▶ EXERCISE DETAILS: Output every line of the material exactly, omitting images.

**** COLLECTED DATA

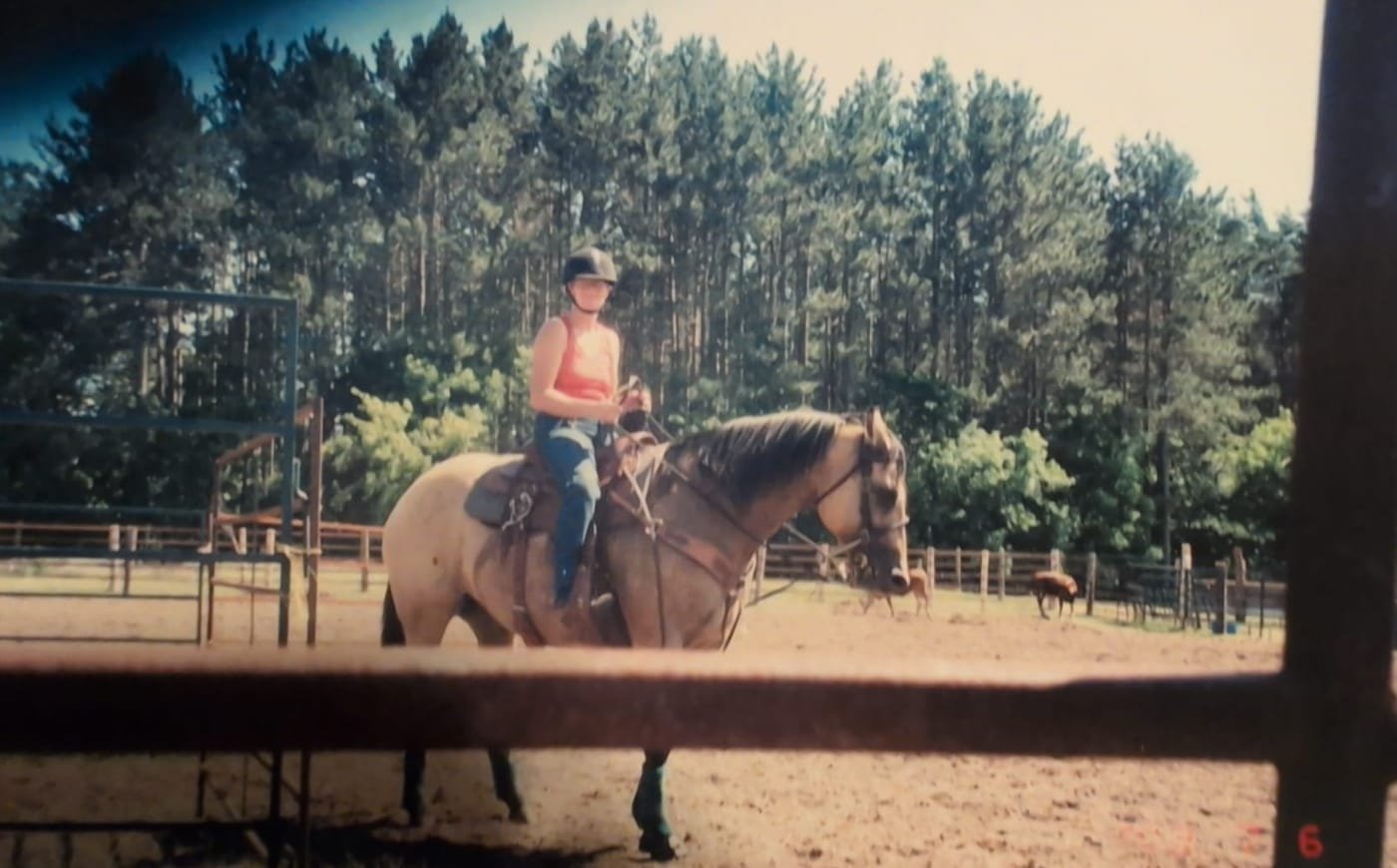 A young rider schooling Sierra in the outdoor arena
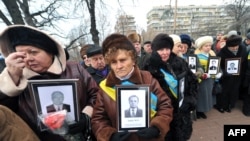 Widows of victims of the Chornobyl nuclear accident hold photos of their dead husbands at a ceremony at the Chornobyl memorial site in Kyiv.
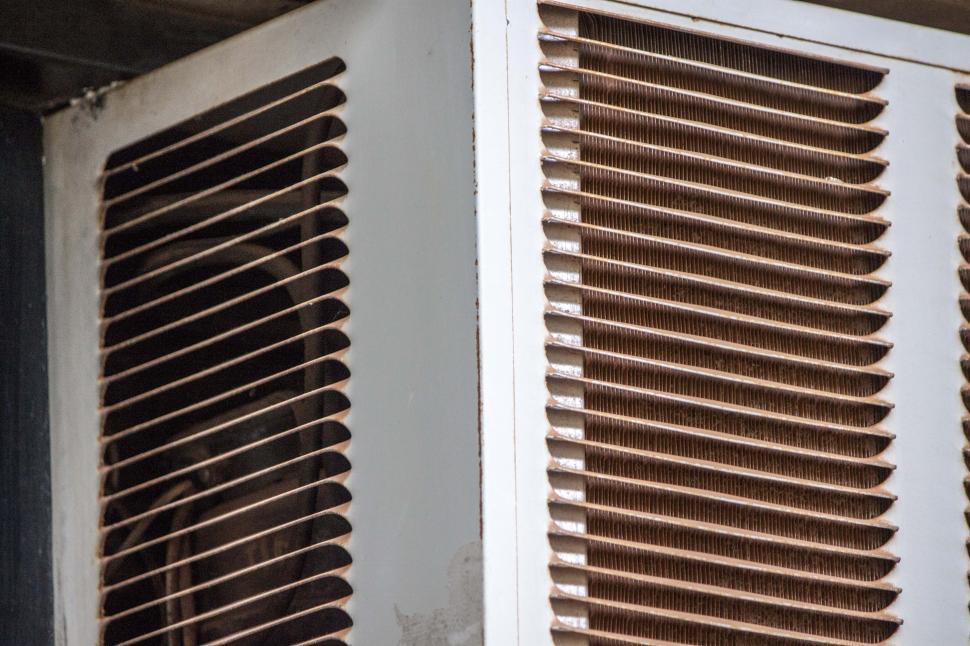 Free Image of AC Grate with compressor in view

********

▶ RESULT FOR THIS EXERCISE:
 A young rider schooling Sierra in the outdoor arena
 Widows of victims of the Chornobyl nuclear accident hold photos of their dead husbands at a ceremony at the Chornobyl memorial site in Kyiv.
 Free Image of AC Grate with compressor in view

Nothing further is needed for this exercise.